Ivins cooperated with the FBI's investigations over the six years following the anthrax mailings, but by early 2008 federal agents made it clear that he was the prime suspect. Feds tailed him everywhere, around the clock, month after month. Ivins complained that FBI agents had offered to pay $2.5M to his son if he would provide evidence incriminating his father, and the FBI confronted his daughter with photographs of the anthrax victims, telling her, "This is what your father did".
In an apparent suicide, Ivins died on 29 July 2008 after overdosing on Tylenol with codeine. For several days after his death, the media reported incriminating tidbits about him -- he was reportedly being treated for alcoholism and depression, he had been vaccinated against anthrax (like most of the workers in his section at USAMRIID), and his long-estranged brother, Thomas Ivins, described him as having "had in his mind that he was omnipotent". Eight days after his death, US Attorney Jeffrey Taylor called a press conference and announced that Ivins had been the sole suspect in the anthrax killings.
Curiously, Ivins' area of expertise was immunization against anthrax -- building better vaccines. Colleagues and experts have expressed doubt that he had the knowledge or access to equipment necessary to turn the spores into weaponized anthrax. After his death the family's lawyer said in a press release, "We assert his innocence in these killings, and would have established that at trial."
In 2011, journalist David Willman's book on Ivins, The Mirage Man: Bruce Ivins, the Anthrax Attacks, and America's Rush to War, was published. The book details Ivin's troubled history and mental problems.

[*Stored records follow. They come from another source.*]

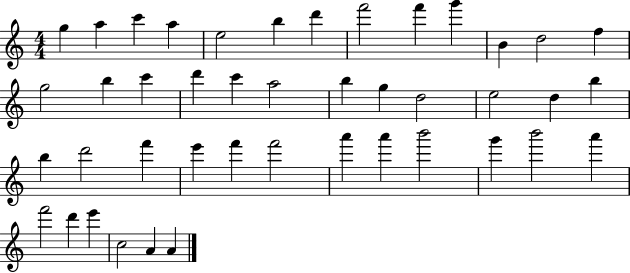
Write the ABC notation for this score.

X:1
T:Untitled
M:4/4
L:1/4
K:C
g a c' a e2 b d' f'2 f' g' B d2 f g2 b c' d' c' a2 b g d2 e2 d b b d'2 f' e' f' f'2 a' a' b'2 g' b'2 a' f'2 d' e' c2 A A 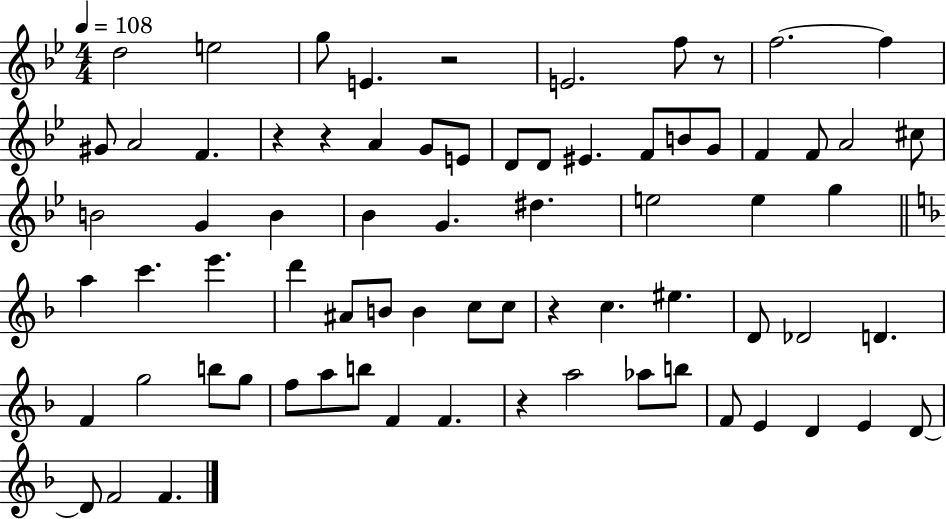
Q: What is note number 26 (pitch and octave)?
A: G4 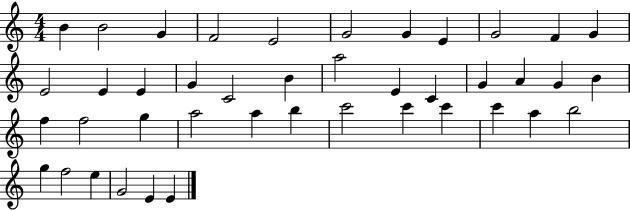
{
  \clef treble
  \numericTimeSignature
  \time 4/4
  \key c \major
  b'4 b'2 g'4 | f'2 e'2 | g'2 g'4 e'4 | g'2 f'4 g'4 | \break e'2 e'4 e'4 | g'4 c'2 b'4 | a''2 e'4 c'4 | g'4 a'4 g'4 b'4 | \break f''4 f''2 g''4 | a''2 a''4 b''4 | c'''2 c'''4 c'''4 | c'''4 a''4 b''2 | \break g''4 f''2 e''4 | g'2 e'4 e'4 | \bar "|."
} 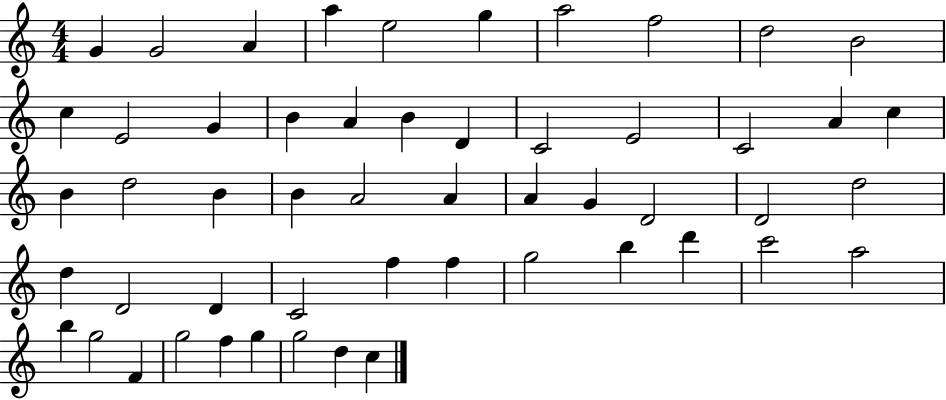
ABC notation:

X:1
T:Untitled
M:4/4
L:1/4
K:C
G G2 A a e2 g a2 f2 d2 B2 c E2 G B A B D C2 E2 C2 A c B d2 B B A2 A A G D2 D2 d2 d D2 D C2 f f g2 b d' c'2 a2 b g2 F g2 f g g2 d c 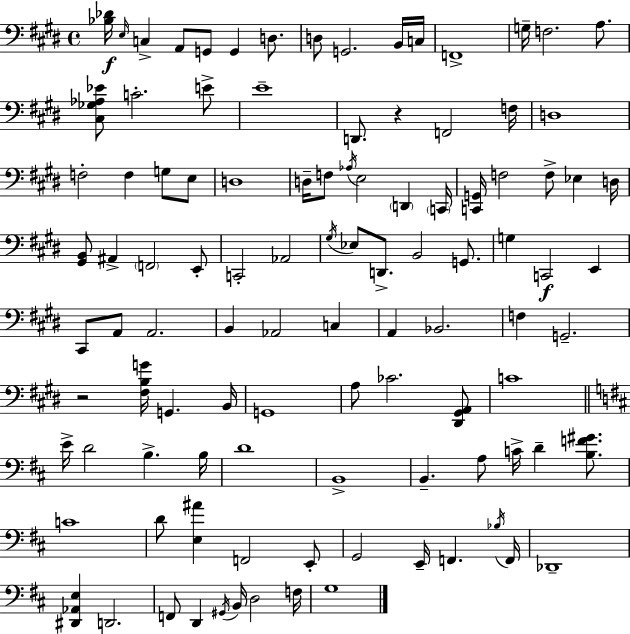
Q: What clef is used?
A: bass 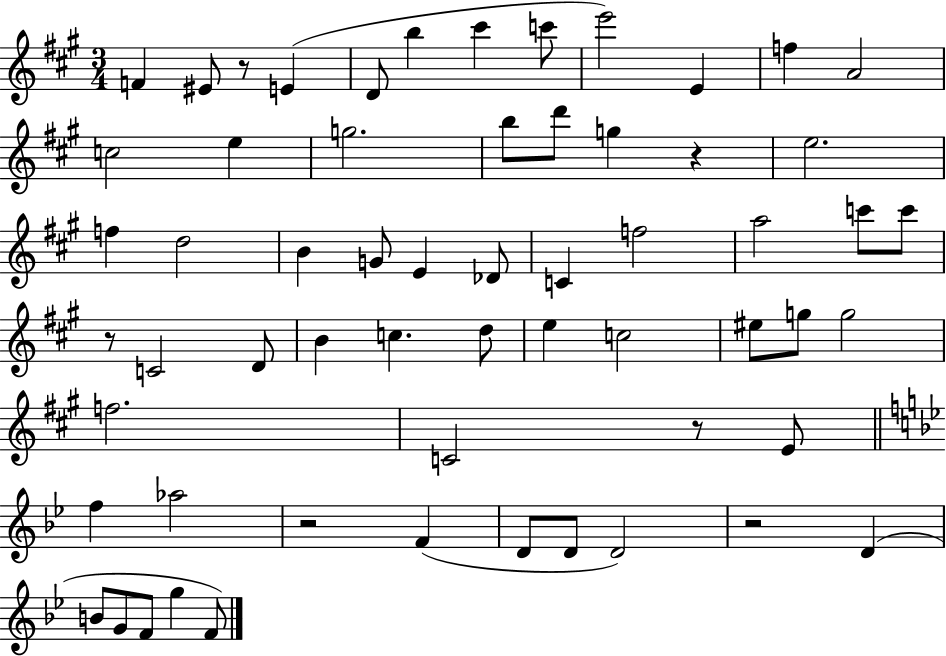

Following the release of a National Academy of Sciences' report in February 2011, Congressman Rush D. Holt, Jr. (D-NJ), a physicist from whose district the anthrax letters were mailed, re-introduced legislation "to create a 9/11-style Commission, complete with subpoena power, with a mandate to review the entire matter." Senator Charles Grassley of Iowa told the Washington Post: "There are no more excuses for avoiding an independent review."
Blogger Glenn Greenwald, who has been vocal in his criticism of the anthrax investigation, argued that "[o]ther than a desire to avoid finding out who the culprit was (or to avoid having the FBI's case against Ivins subjected to scrutiny), there's no rational reason to oppose an independent investigation into this matter."